Captioned web image data
—————
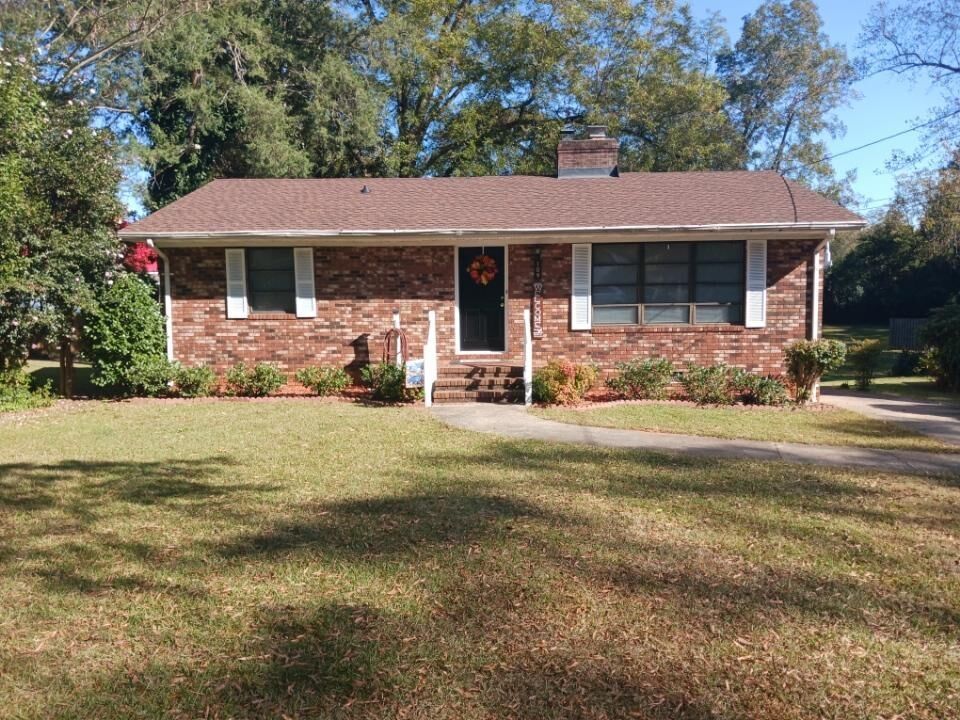 Property Photo: 109 Grove Street GA 30673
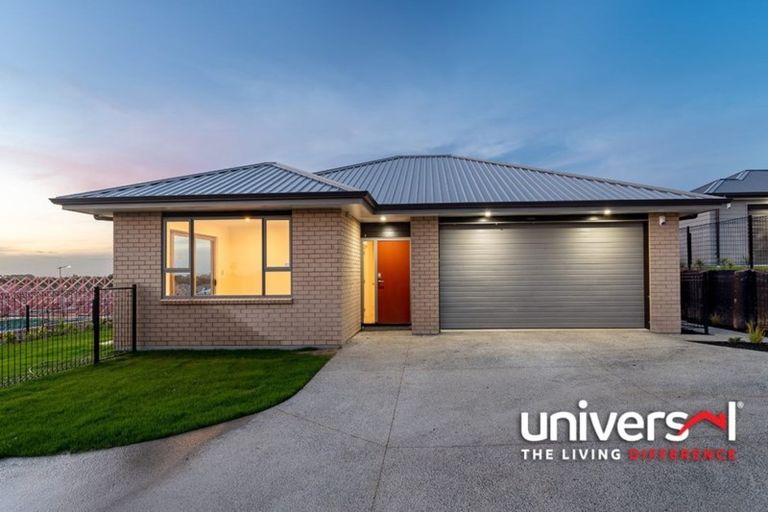 Photo of property in 6 Te Aparangi Crescent, Papakura, 2110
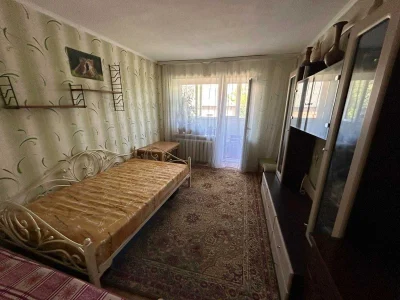 Продаж 2 к квартири поруч з парком Олександрія!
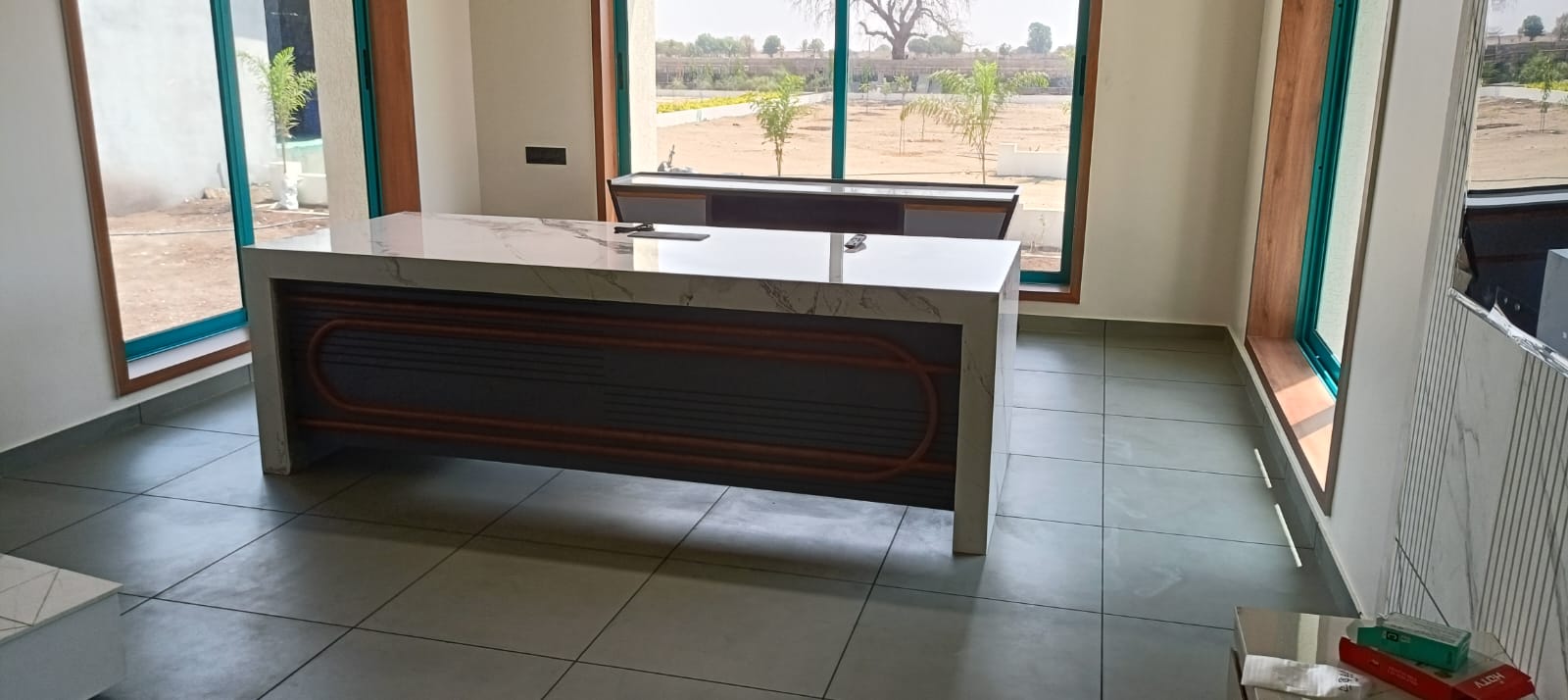 Executive Desks & Office project 4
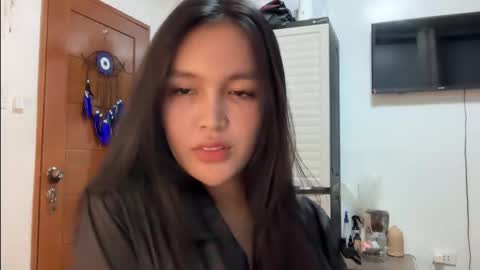 Amira online show from 10-18-25, 02:36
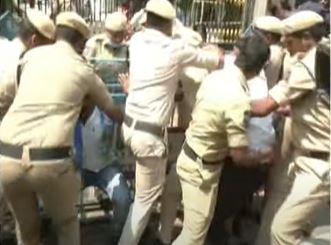  Tension At Tspsc Office In Hyderabad-TeluguStop.com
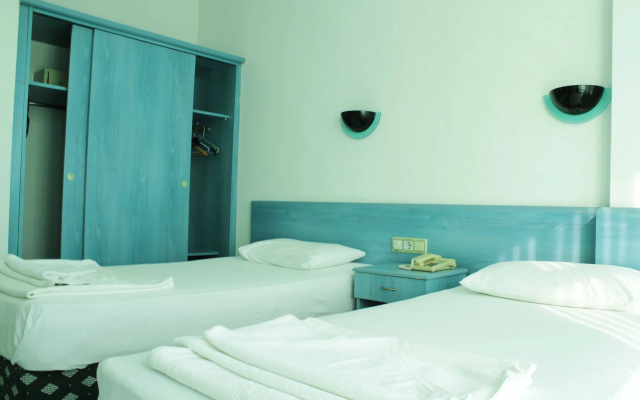 Отель Casa Cleo Suites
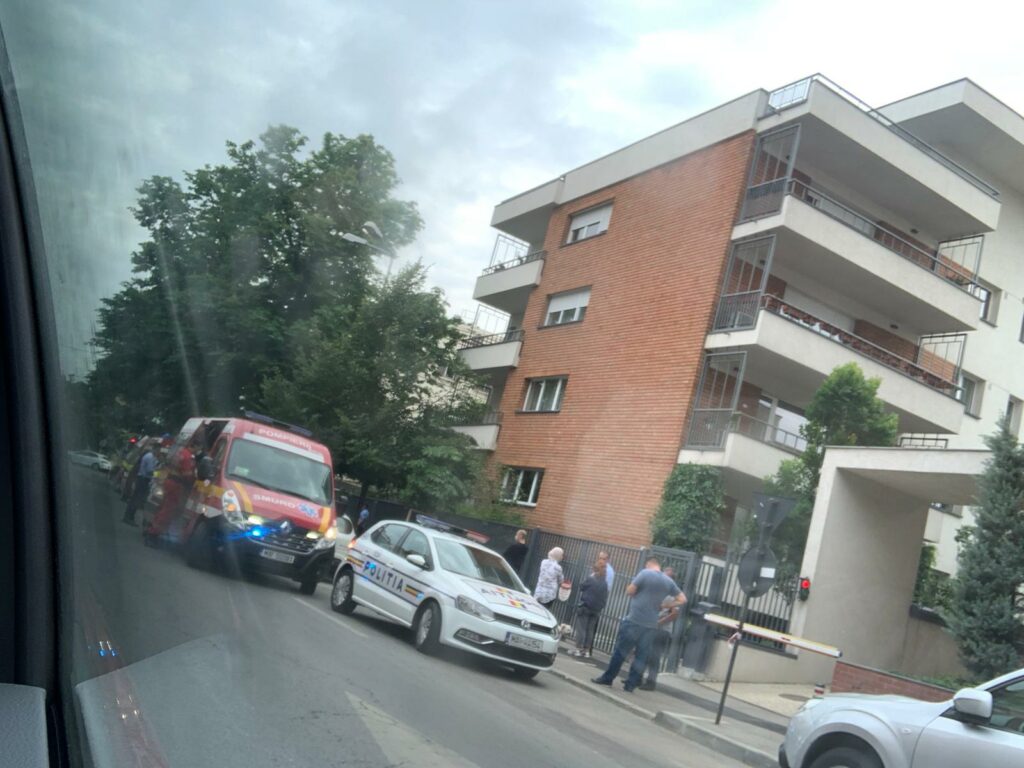 Incident grav. Poliția: Tânăra a căzut de la etajul unui bloc de lângă o ambasadă din București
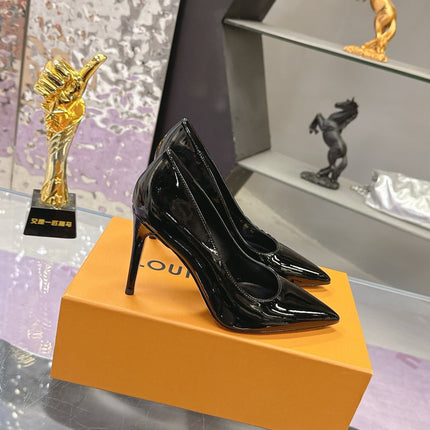 LV 26S POINTED TOE PUMPS 85MM IN BLACK PATENT CALFSKIN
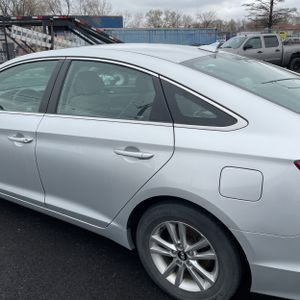 HYUNDAI SONATA BASE - 6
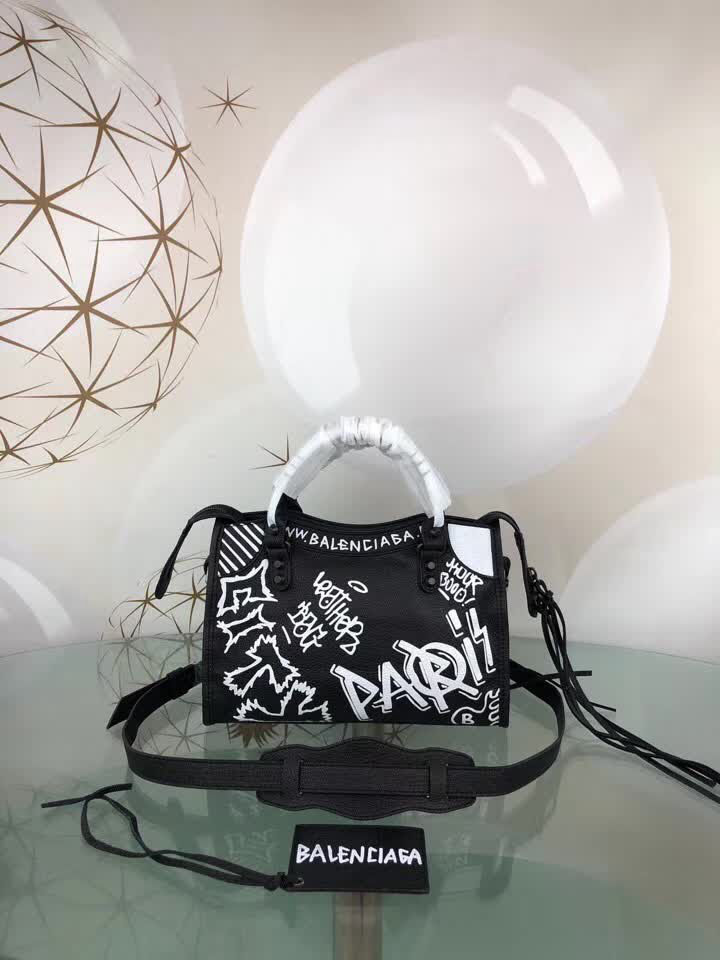 BALENCIAG巴黎世家 歐洲水貨 Balenciaga city小黑釘 限量 原廠爆裂紋羊皮 黑白塗鴉 手提肩背斜挎包  BL1759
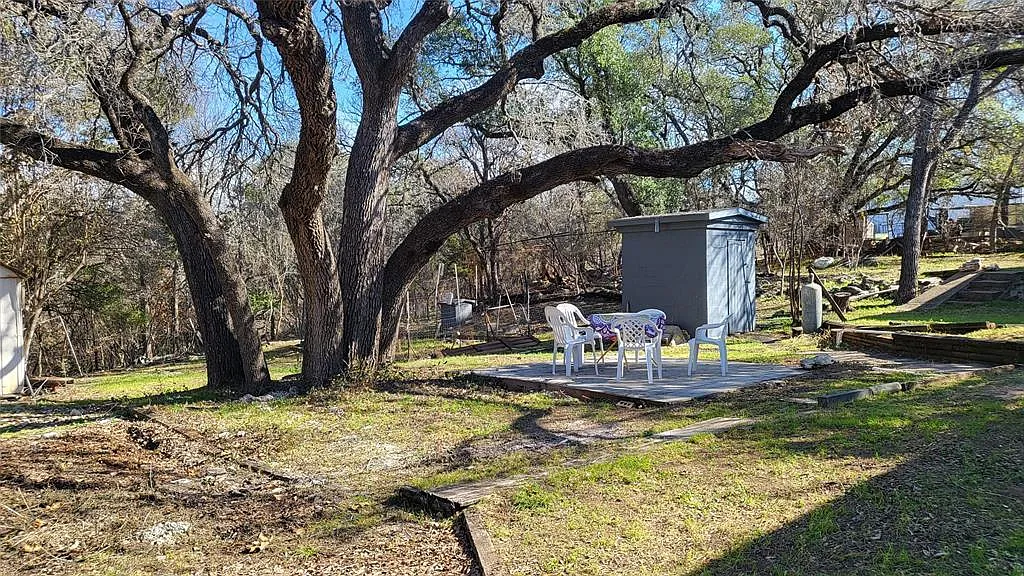 2 bed, 1.0 bath, 864 sqft, $1,400 — Photo 2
—————
Only the lines from the one that contains "Продаж 2 к квартири" through the last line of the records may appear in the answer, retyped exactly and with no pictures.

**Response box**.
 Продаж 2 к квартири поруч з парком Олександрія!
 Executive Desks & Office project 4
 Amira online show from 10-18-25, 02:36
  Tension At Tspsc Office In Hyderabad-TeluguStop.com
 Отель Casa Cleo Suites
 Incident grav. Poliția: Tânăra a căzut de la etajul unui bloc de lângă o ambasadă din București
 LV 26S POINTED TOE PUMPS 85MM IN BLACK PATENT CALFSKIN
 HYUNDAI SONATA BASE - 6
 BALENCIAG巴黎世家 歐洲水貨 Balenciaga city小黑釘 限量 原廠爆裂紋羊皮 黑白塗鴉 手提肩背斜挎包  BL1759
 2 bed, 1.0 bath, 864 sqft, $1,400 — Photo 2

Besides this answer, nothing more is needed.